Here are some pointers for writing to someone specific:

  • Think of a real person. Keep a customer persona or a specific member of your community or audience in mind while researching and writing. Would Jordan, a content strategist at a B2B SaaS enterprise, find this appealing? What about Jesse, a user experience writer at a mid-tier consumer technology firm? Make sure to choose or create a persona based on your objectives for the piece.
  • Use personal pronouns. Using personal pronouns (e.g., “I,” “you,” “me,” “we,” and “us”) improves the readability of your writing. The second-person pronoun “you,” in particular, makes your writing appear to be a conversation between the writer and the reader.
  • Make it specific. The more specific you are, the better your reader will be able to connect with you. When making a point, use specific examples to help your reader understand how the concept works in theory and in practice.

06. Create a sense of urgency.

Driving your reader to action is only half the battle; you also need the reader to act now. Otherwise, they may become distracted and forget to return to finish the action.

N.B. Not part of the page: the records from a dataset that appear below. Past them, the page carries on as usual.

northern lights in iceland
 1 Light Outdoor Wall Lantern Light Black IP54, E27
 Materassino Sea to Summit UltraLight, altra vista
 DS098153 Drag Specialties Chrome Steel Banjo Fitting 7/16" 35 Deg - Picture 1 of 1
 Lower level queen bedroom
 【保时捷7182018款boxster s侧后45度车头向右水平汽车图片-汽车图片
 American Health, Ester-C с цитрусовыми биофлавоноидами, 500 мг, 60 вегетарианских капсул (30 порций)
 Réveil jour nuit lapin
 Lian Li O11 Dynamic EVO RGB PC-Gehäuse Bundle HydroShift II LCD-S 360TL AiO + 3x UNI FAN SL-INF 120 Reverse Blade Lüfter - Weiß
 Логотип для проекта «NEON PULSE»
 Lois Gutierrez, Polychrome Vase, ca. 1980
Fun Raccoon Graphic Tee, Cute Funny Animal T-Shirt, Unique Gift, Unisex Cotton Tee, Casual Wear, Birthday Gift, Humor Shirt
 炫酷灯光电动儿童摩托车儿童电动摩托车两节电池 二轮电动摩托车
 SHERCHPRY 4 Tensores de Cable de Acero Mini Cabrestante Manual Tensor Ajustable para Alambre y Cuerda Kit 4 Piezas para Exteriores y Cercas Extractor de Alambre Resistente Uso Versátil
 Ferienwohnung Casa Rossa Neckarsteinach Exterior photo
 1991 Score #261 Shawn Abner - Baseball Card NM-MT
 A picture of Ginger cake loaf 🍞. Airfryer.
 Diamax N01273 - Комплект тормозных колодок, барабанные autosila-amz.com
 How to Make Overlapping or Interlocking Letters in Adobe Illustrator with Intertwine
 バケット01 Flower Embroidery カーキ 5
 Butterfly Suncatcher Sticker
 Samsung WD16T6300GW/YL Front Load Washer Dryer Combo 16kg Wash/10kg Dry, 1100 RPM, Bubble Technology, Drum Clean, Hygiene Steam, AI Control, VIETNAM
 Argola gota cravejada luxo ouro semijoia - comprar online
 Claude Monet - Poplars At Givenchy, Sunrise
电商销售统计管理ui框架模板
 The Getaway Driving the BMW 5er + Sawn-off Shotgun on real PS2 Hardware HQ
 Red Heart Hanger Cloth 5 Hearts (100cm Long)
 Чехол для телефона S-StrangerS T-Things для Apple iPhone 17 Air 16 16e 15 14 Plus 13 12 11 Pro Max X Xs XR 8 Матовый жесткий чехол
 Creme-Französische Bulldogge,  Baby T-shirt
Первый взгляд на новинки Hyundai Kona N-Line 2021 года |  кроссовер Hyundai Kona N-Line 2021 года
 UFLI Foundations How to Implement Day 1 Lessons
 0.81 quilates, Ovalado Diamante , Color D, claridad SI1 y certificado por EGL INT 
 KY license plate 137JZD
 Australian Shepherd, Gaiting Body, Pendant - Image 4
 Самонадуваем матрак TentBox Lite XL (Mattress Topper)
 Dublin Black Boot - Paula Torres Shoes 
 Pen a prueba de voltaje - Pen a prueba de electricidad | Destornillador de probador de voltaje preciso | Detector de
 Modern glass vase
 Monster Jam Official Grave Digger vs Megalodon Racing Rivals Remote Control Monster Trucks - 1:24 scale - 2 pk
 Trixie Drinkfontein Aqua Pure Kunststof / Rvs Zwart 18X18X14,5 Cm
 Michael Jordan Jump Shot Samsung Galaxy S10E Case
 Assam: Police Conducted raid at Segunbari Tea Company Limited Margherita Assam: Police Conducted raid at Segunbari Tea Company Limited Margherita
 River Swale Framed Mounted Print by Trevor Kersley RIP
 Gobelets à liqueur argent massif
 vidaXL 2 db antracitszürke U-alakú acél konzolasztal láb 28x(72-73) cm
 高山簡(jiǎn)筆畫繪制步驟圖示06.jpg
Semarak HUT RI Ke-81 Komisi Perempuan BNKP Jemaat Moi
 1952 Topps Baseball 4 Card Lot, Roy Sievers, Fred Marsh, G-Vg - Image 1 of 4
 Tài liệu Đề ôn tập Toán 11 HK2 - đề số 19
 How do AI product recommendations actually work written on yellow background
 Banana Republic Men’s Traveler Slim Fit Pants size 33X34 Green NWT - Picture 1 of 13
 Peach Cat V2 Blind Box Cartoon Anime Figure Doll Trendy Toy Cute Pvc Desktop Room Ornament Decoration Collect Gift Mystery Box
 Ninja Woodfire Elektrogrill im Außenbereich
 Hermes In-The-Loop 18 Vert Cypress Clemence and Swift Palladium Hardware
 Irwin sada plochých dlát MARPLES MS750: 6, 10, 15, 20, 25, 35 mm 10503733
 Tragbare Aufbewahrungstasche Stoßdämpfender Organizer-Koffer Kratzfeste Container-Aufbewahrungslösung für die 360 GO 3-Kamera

One of the most effective ways to accomplish this is to instill a sense of urgency. Here are some ideas to get you started:

  • Emphasize the consequences of inaction. For example, you could write about how failure to act can result in missed opportunities or negative consequences.
  • Use language to imply the action’s time-sensitivity. You could, for example, say things like “don’t wait to improve your ROI” or “the end of the quarter is quickly approaching.”
  • Make a limited-time offer. This could be a discount, a freebie, or access to a limited-time event coming up soon.

Write with the intention of engaging the reader.

You must know how to write to engage your audience in order to create great content marketing that works. You can improve your writing and compel your readers to respond when it matters most by following the six tips outlined above.

So, what are you holding out for? Put these suggestions into action and see how they can help you get better results from your content marketing efforts.